僕は歌入りの音楽を聴く元気が湧いてこない時は、よくエレクトロニカ(IDM)を聴きます。単純に、肉体的に疲れてる時は歌の主張が激しい音楽を聴くのがしんどい時があるんですよね。

僕がBoards Of Canadaを知ったのは中学生の頃。Radioheadが影響を受けたエレクトロニカという音楽があるらしいと知って、Aphex TwinやAutechreと共に聴いていました。こんな経歴でエレクトロニカを聴き始めたロック好きの方、多いのでは?

とはいえ、今になって思い返してみれば、こういう音楽を聴くのがクールでカッコいいと思って無理して聴いていた節はありますけれど。IDM(Intelligent Dance Music)を聴いてれば自分もインテリジェントな人間になれるかな…なんて(笑)。

ただ、それでもBoards Of CanadaはさすがにAutechreよりは聴きやすかったですね。Boards Of Canadaの温かみのあるメロディとヒップホップ的な力強いリズムは、ロックばかり聴いてた頃の自分にとっては新鮮でした。

あれから10年以上経ってから今作を聴くと、色々と発見があります。なんと言っても、彼らの音楽で凄い点は「音色」だなあと再認識。僕は一流の電子音楽家の作品に共通するのはシンプルに「音の綺麗さ」だと思っています。Boards Of Canadaに関しては特に一音一音が命賭けと言っても過言では無いくらい磨き上げられており、自然と心が捕まれますね。色んな多種多様の音楽を聴いて比較対象が増えたからこそ、「やっぱり一流の人達は違うなあ」と強く感じるようになりました。

また、メロディは単に穏やかなだけでなくどこかサイケデリックな不穏さが潜んでるような側面があり…、単なる「癒し系音楽」とは一線を画している印象を受けます。この辺りの、聴き手を一元的な解釈に留まらせない深みもまた、一流の音楽家に共通してる点と言えるのでは無いでしょうか(これに関してはいずれ単独の記事で触れようかと思います)。

今作は名盤と名高い1stと比べると、良くも悪くもアルバム全体の流れが平坦かもしれません。曲の尺やインタールードの有無によってアルバム全体の印象って大きく変わるものですね。
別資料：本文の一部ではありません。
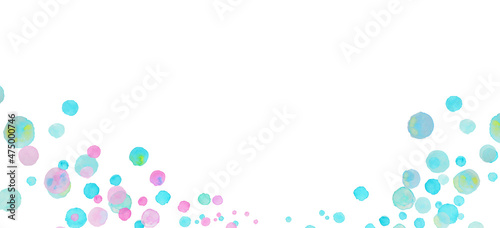 水彩で描いた水色とピンク色のシャボン玉のイラスト素材 フレーム素材 © gelatin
それでも、半分BGM代わりに聴いたりするぶんには1stよりも今作のほうが適してる印象を受けます。よりサイケデリックな作風の2ndが一番好きという方も居ますし、この辺りは好みの問題かと。

何はともあれ、今作が万人にお勧めしたい大傑作なのは間違いありません。電子音楽好きはもちろん、ゲーム音楽等が好きな方も是非。